Armani
detta le regole della nuova eleganza maschile
MILANO,
30.06.05 - Regola numero uno: considerare sempre
la propria eta', evitare di cadere nel grottesco
o nell'effetto baraccone, facendo sempre un esame
feroce di se'.
E'
la prima norma del breviario di eleganza stilato
da Giorgio Armani al termine della sfilata della
sua prima linea, un'antologia dei suoi grandi classici
degli ultimi 30 anni, rivisti alla luce di oggi,
battezzata 'Armania'.
Agli
uomini, lo stilista in seconda battuta consiglia
di ''evitare i colori, che si possono usare solo
al mare, quando si e' abbronzati, magari per il
costume, il pareo o la T-shirt''. Lui, per esempio,
ogni tanto prova a cambiare, a mettere una camicia
rossa anziche' la solita T-shirt blu, ma - confessa
- quando si guarda allo specchio proprio non ce
la fa e allora, se proprio sente di voler cambiare
qualcosa, magari si mette un braccialetto con una
perla al polso, come ha fatto oggi. Essere eleganti
vuole dire anche - recita la regola numero tre -
''non avere il complesso del proprio stato sociale:
il ricco non deve mica sempre vestire da ricco,
anzi, quando fa il turista deve abbigliarsi in modo
appropriato, per passare per uno qualunque''.

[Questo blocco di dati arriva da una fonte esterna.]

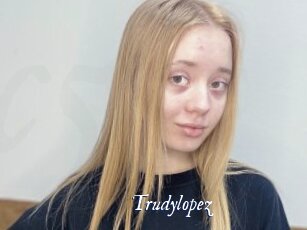Trudylopez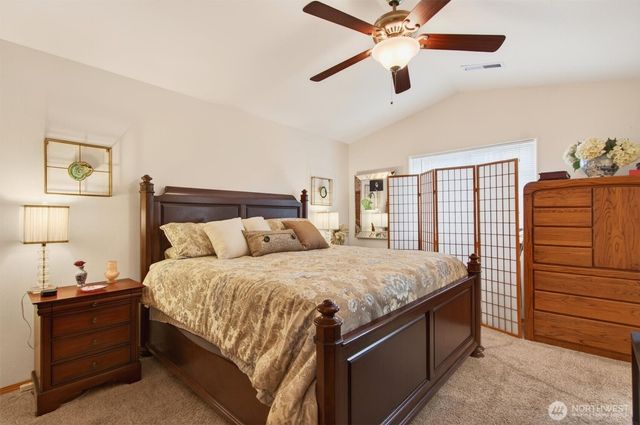 35 Glen Lane, Cathlamet, WA 98612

Ovviamente, poi, bisogna ''evitare cio' che non
dona''.
La
vera eleganza, si sa, e' fatta soprattutto di stile
e quindi Armani suggella il suo breviario con questa
quinta regola: ''Non poter rinunciare al fatto
di non voler apparire come un oggetto nelle mani
di qualche stilista''. Per un uomo che voglia
seguire o gia' applichi queste regole, ecco in passerella
la nuova collezione 'Armania' che ''per me - spiega
lo stilista - significa recuperare tutti i miei
amori, cio' che mi ha fatto conoscere nel mondo
e cio' che gli altri si aspettano da me''. Anche
perche', ''pensiamo che l'uomo abbia bisogno di
essere scioccato, invece ama certe cose e le vuole
trovare, non vuole essere tradito''. Nel recupero
dei suoi grandi must, a partire dalla giacca, di
cui in sfilata si sono visti almeno 15 modelli,
dal doppiopetto morbido e ripreso al blazer di maglia,
molto ha giocato anche ''il fattore copie Armani'',
non nel senso di contraffazione, ''perche' quelle
fanno crescere il valore del marchio'', ma di vere
e proprie ispirazioni ai suoi stilemi d'eleganza.
Come la passione per gli anni 30, dilagante in quest'ultima
edizione di Milano Moda Uomo: ''E dire che - sottolinea
- sono anche stato criticato per le mie manie culturali,
e ora invece le 'operette' imperversano sulle pedane
milanesi''.
Ben
venga, in ogni caso, perche' ''il ritorno all'eleganza
fa sempre piacere'', e, forse, e' una soddisfazione
sapere che persino per colleghi come Roberto Cavalli
''la moda maschile non puo' prescindere da Armani''.
Lui, citatissimo a parole e nei fatti, sa che e'
inutile ''calcare la mano per avere una copertina,
trattando la moda maschile in moda ridicolo''. Per
questo, la sua impresa e' di ''inventare l'inventato'',
''rinnovare'' con piccole innovazioni che rispecchiano
i tempi, magari proponendo una camicia senza collo
da portare al posto del pull, sotto la giacca: ''Potrebbe
essere poco accettata a un meeting di lavoro con
Tronchetti Provera, pero' - dice - e' sempre formale,
come mettere polo e giacca scura in pendant con
i pantaloni''.
Certo,
nel caso dell'uomo e' ancora difficile rompere certe
regole ferree, ma forse l'accoppiata 'giacca e cravatta'
non e' piu' l'unica soluzione formale con cui affrontare
qualsiasi situazione: ''Il gessato con dolcevita,
che sta bene a tutti, ormai e' una divisa, dal commerciale
all'art director''. Senza scadere nel grottesco, quindi,
anche l'uomo puo' apportare qualche piccola innovazione
nel suo guardaroba, magari attingendo dalla collezione
'Armania': una giacca accostata al corpo, in maglia,
in jersey, con un 'rollino' a dare compattezza alle
spalle, un blazer a giubbotto, o addirittura a caban,
portati con un paio di pantaloni stretti, che esaltano
la figura, e babbucce orientaleggianti. E persino
camicie in jersey, senza colletto, chiuse da zip,
scollate a V, sotto l'abito piu' formale; e ancora
bluse leggere, da mettere al mare con i pantaloni
stile thailandese.
Piccole innovazioni, come l' uso di collane e spille,
per dar vita a un nuovo concetto di eleganza virile.